5.  There is NO shame in married sex.  None, dear ones.  There is no shame in your marriage bed with your husband.   Keep your marriage bed between you and your spouse only and you will be generously BLESSED by God in your lovemaking.  Do not defile it by adding sin to the mix.  There should only be three in your sexual relationship…you, your spouse and God.   Treasure and take pleasure in the gift He gave you on your wedding day!

May your fountain be blessed,
   and may you rejoice in the wife of your youth.
A loving doe, a graceful deer—
   may her breasts satisfy you always,
   may you ever be intoxicated with her love.
 Why, my son, be intoxicated with another man’s wife?
   Why embrace the bosom of a wayward woman?  Proverbs 5:18-20

Thank you, Pastor Mark, for speaking the truth in a world so ready to corrupt the most beautiful gift we will ever get from God.

5 thoughts on “What the Bible Really Says About Sex

  1. I’m grateful for Pastor Mark Driscoll willing to take all the flack he gets over his open communication about sex and marriage. Satan doesn’t want Christian couples to have awesome sex lives, but God does because it strengthens our marriages and just makes us happy:)

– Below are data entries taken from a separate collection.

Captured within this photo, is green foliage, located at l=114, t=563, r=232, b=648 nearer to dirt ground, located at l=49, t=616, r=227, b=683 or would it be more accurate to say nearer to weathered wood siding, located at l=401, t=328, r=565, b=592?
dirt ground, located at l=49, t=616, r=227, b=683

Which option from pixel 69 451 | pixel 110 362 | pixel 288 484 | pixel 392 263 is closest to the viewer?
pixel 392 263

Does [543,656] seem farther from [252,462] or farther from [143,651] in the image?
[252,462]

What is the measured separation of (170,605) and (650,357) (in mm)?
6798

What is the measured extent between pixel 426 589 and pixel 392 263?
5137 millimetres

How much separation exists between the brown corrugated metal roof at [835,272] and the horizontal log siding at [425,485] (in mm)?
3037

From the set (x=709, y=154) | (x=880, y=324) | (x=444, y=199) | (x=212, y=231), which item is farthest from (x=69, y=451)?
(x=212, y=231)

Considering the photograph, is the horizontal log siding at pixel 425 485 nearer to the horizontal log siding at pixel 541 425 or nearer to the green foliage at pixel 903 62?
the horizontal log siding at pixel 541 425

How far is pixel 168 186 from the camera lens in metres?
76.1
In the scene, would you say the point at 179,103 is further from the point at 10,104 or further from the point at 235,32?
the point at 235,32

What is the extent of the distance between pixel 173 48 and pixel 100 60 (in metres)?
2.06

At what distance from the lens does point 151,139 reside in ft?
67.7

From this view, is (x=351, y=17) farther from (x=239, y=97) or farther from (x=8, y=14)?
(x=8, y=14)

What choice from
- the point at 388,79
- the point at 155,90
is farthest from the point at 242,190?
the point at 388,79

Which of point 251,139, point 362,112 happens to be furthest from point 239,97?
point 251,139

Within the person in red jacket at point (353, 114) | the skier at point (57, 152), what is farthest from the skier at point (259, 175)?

  2. I agree with most of what you say. But “helpmate”? Where’s that in the Bible? Not in any version I’ve read. The AV has, “I will make him an help meet for him,” in Genesis 2:18. Note that it is two seperate words. “Meet” means suitable or appropriate. “Help” is the Hebrew word “ezer” (as in Ebenezer) and means recuer. It is most commonly used of God rescuing people who cannot rescue themselves. God provides a wife as a rescuer for her husband, that is someone who does for him what he CANNOT do for himself, not what he WILL NOT do or DOESN’T WANT to do. Every man is different and so needs a different kind of helper, a suitable helper, not some stereotypical “helpmate” in the sense usually meant by people who use this word.
    For the record, I’m not some kind of Christian feminist. The Bible clearly teaches that wives should submit to their husbands but I believe the myth of a “helpmate” or “helpmeet” has done serious damage in some relationships where the needs of the husband are not met because the wife is trying to be someone the Christian world thinks she should be rather than the person her husband needs her to be.
    Sermon over 🙂

    • Helpmate is the word that I use for helper. That’s what God called Eve. ““It is not good for the man to be alone; I will make him a helper suitable for him.” (Genesis 2:18) A suitable helper.

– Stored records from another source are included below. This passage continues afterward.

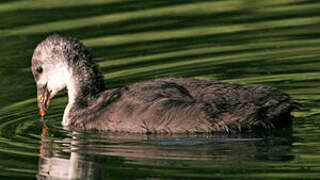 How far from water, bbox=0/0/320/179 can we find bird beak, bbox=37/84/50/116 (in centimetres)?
17

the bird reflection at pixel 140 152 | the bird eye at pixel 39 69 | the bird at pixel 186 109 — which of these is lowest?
the bird reflection at pixel 140 152

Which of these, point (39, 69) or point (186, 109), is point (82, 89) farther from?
point (186, 109)

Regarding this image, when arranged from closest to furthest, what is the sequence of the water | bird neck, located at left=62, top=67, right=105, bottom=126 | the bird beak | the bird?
the water
the bird
bird neck, located at left=62, top=67, right=105, bottom=126
the bird beak

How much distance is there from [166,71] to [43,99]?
9.04 ft

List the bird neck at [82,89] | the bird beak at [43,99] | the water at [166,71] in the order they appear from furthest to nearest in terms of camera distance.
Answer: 1. the bird beak at [43,99]
2. the bird neck at [82,89]
3. the water at [166,71]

      I am reading McArthur’s Bible Commentary on that particular verse. It says, “The words of this verse emphasize man’s need for a companion, a helper, and an equal.” Just because we are our husband’s helper, doesn’t mean that we are in any way inferior. Adam was incomplete. God completed him with Eve.

    • “help meet for him” (KJV: Gen. 2:18). God did not create Eve to be in front of Adam nor behind him but beside him. A wife is not the slave of her husband nor he husband the slave of his wife: they are created as equal partners in married life. (Ephesians 5: 22-31)

  3. I’m glad to see pastors speaking out about this. So much of religion seems to be built out of “don’t’s” for sex, and not enough attention is given to the “do’s.” It’s not enough to simply save yourself for marriage and then coast on trickling out sex to your spouse.